Come scoprire dunque, per grazia, sempre più ogni cosa senza venire sempre più concretamente, profondamente, portati dentro il mistero di Dio, dell’uomo, del mondo, in Cristo, Dio e uomo? La distrazione, la disattenzione, la facilità con cui ci si può accorgere ben poco dell’altro possono, se si comincia a scoprirle, far riflettere e così far crescere all’infinito.  

Non mi suscitano possibili perplessità solo spiritualismo, razionalismo, legalismo. Mi mette in guardia, talora, anche l’invito a pensare. Certo già un anno e mezzo di possibili riflessioni (frutto di decenni di cammino) qui su Vatican Insider, con tante possibili piste innovative, mostrano che è bene anche secondo me cercare di comprendere sempre più la vita. Ma più volte ho ripetuto che tutte queste possibili scoperte non sono nate da un cercare a tavolino belle trovate ma sono emerse da una vita vissuta. La stessa logica e persino, per esempio, la matematica possono venire sempre più profondamente comprese solo in una sempre più profonda ed equilibrata maturazione spirituale e umana in Cristo, Dio e uomo. Quando ero in seminario qualcuno mi disse che era bene valutare anche come sacerdote la possibilità di intraprendere la via dell’insegnamento universitario. Io risposi che volevo vivere, fare, il prete tra la gente non solo per amore della gente ma perché percepivo che, almeno nella mia vita, sarei maturato, avrei imparato in profondità, molto più in mezzo alla gente che a tavolino. Cercando, per grazia, di amare sempre più con tutto il cuore, con ogni discreta attenzione spirituale e umana, le persone e sempre più, per grazia, cercando di accogliere con tutto il cuore, con ogni discreta attenzione, il loro amore, la loro vita. E certamente tutto ciò, con ogni attenzione, in Dio. Certo avrei continuato a studiare tutta la vita.

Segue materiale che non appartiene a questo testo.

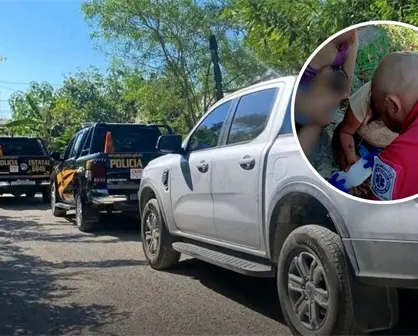 Detienen en Izamal a joven que atac&oacute; a su madre con un cuchillo y lesion&oacute; a un beb&eacute; de 3 meses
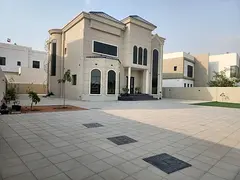 Brand New | Spacious Plot | 5BR + Maid | Luxurious
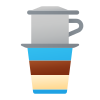 ベトナムコーヒー icon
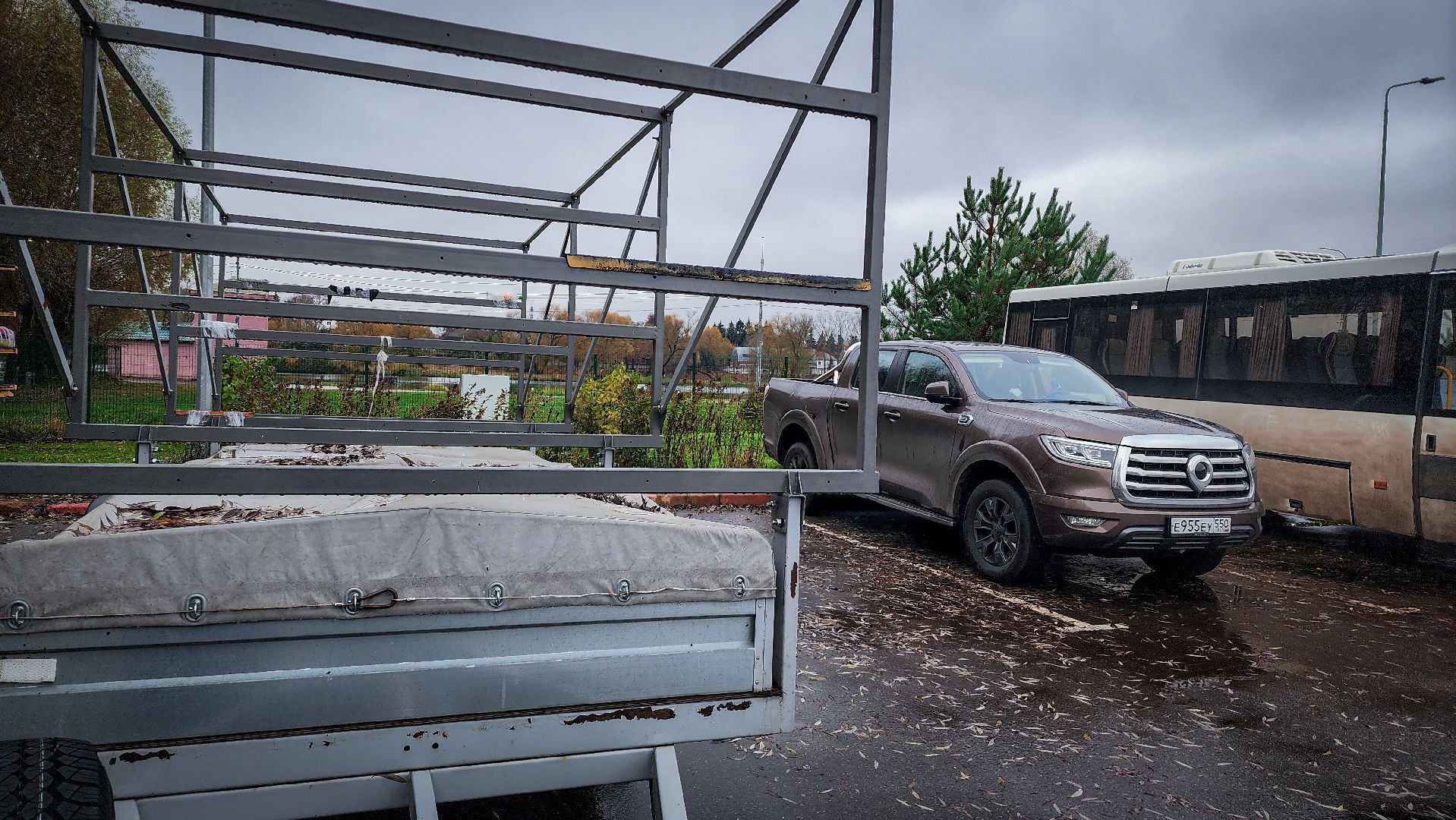 бронницы, новый автомобиль для сшор, машина для перевозки лодок, бронницкие гребцы, гребля на байдарках и каноэ в бронницах,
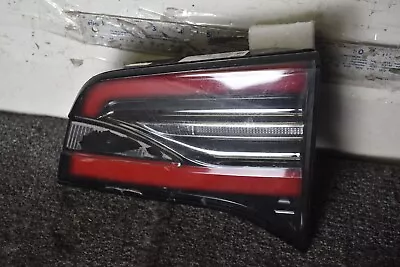 2016-2019 Tesla Model X Right Side Inner Tail Light Factory Oem • $120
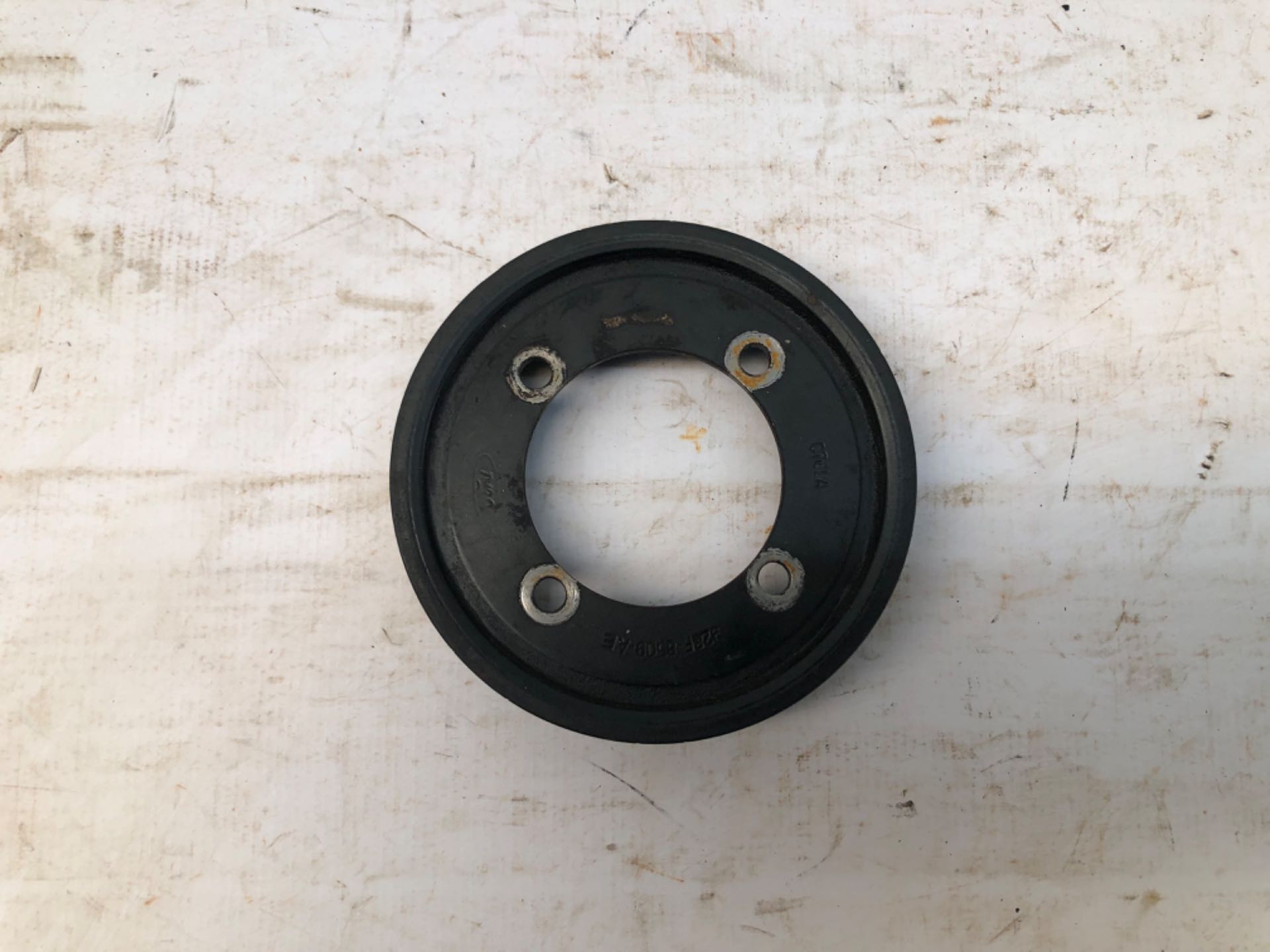 Polia Bomba Água Ford Escort 1.8 16v Zetec 1996 2003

Anche altre parole come per esempio «intellettuale» mi mettono in guardia. Mi trovo a concordare naturalmente con la, secondo me, sana diffidenza di san Francesco verso l’intellettualismo. Non che un intellettuale non possa aiutare tanto, ma nell’intellettualismo vi è il rischio di prendere vie riduttive, in mille modi spegnenti, anche più facilmente distorcenti. «La scienza gonfia, la carità costruisce la casa», avvisa san Paolo (1 Cor 8, 2). Forse sarebbe bene non parlare più di intellettuali perché può sapere di razionalismo. Si potrebbe magari parlare di uomini di cultura, intendendo una cultura tendenzialmente profonda, vissuta, non a tavolino. Una cultura che aiuta, stimola, a entrare nella vita, non a pensare di entrarci in realtà in varia misura uscendone. Fino, per esempio, alla varia lobotomizzazione della cultura senza il libero, tendenzialmente vissuto, sviluppo delle identità e dello scambio tra di esse della scuola.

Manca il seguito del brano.